In the records below, the relevant part opens with the line containing "La escuela de" and closes with the line containing "Building Photo - Elizabeth"; print that part exactly and only, without its pictures.

**Materials provided:**
********

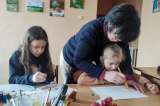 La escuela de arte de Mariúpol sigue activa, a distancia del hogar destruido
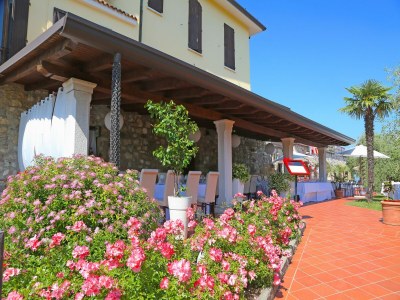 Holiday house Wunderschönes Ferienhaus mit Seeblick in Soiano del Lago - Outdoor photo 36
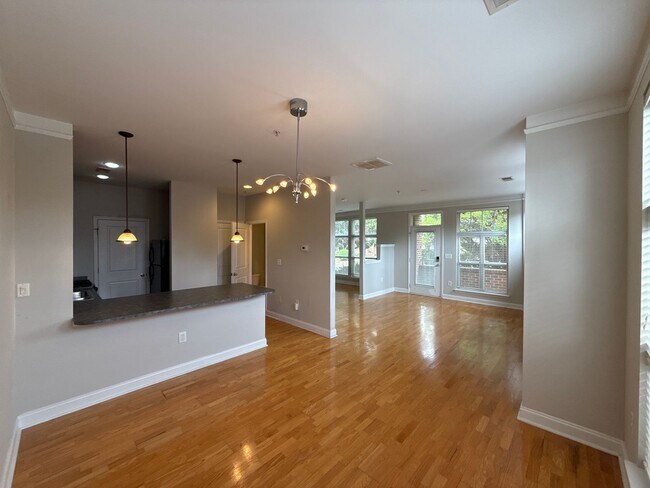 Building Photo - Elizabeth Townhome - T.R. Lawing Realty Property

********

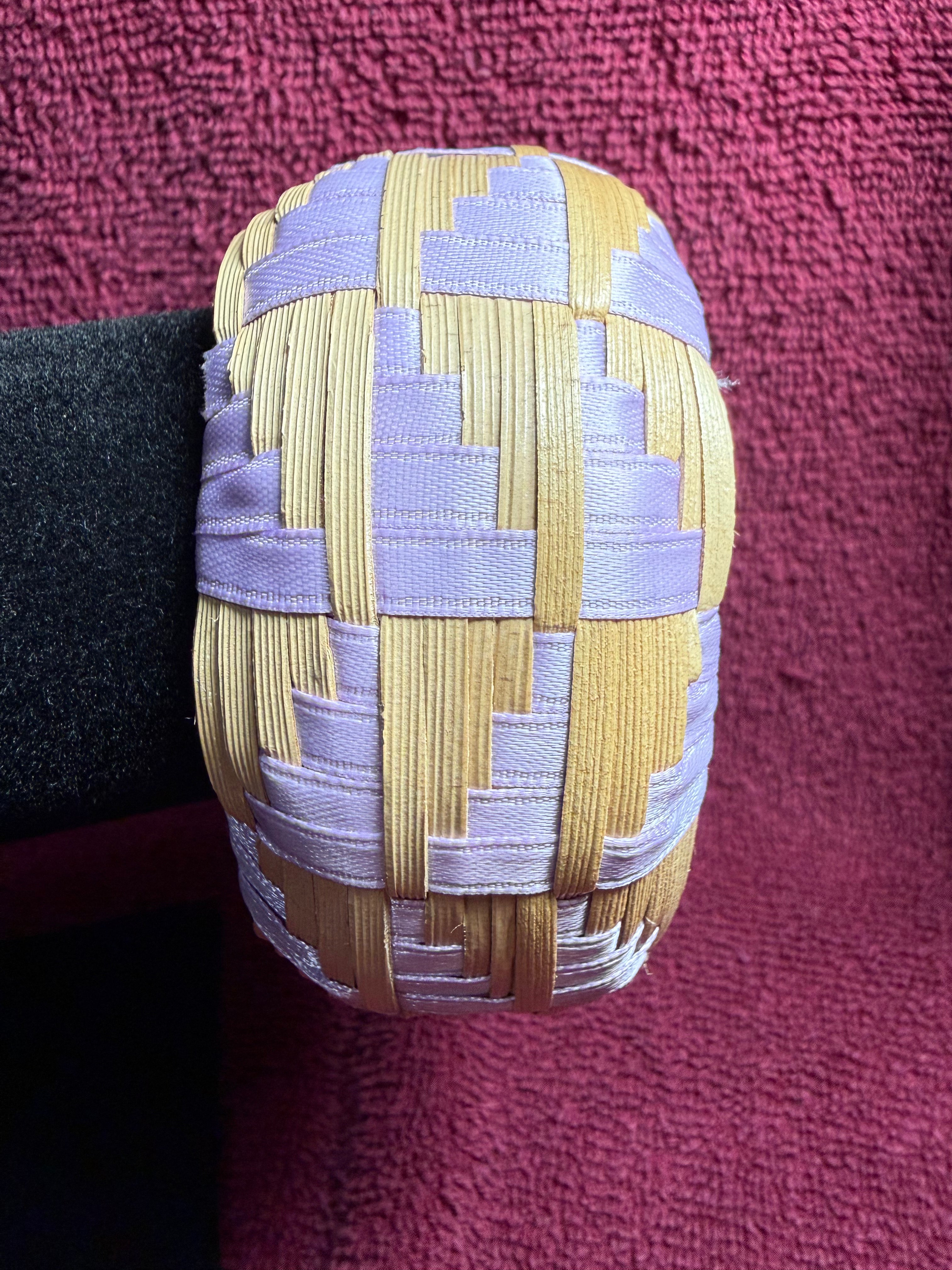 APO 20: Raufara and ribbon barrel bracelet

********

**Exercise output:**
 La escuela de arte de Mariúpol sigue activa, a distancia del hogar destruido
 Holiday house Wunderschönes Ferienhaus mit Seeblick in Soiano del Lago - Outdoor photo 36
 Building Photo - Elizabeth Townhome - T.R. Lawing Realty Property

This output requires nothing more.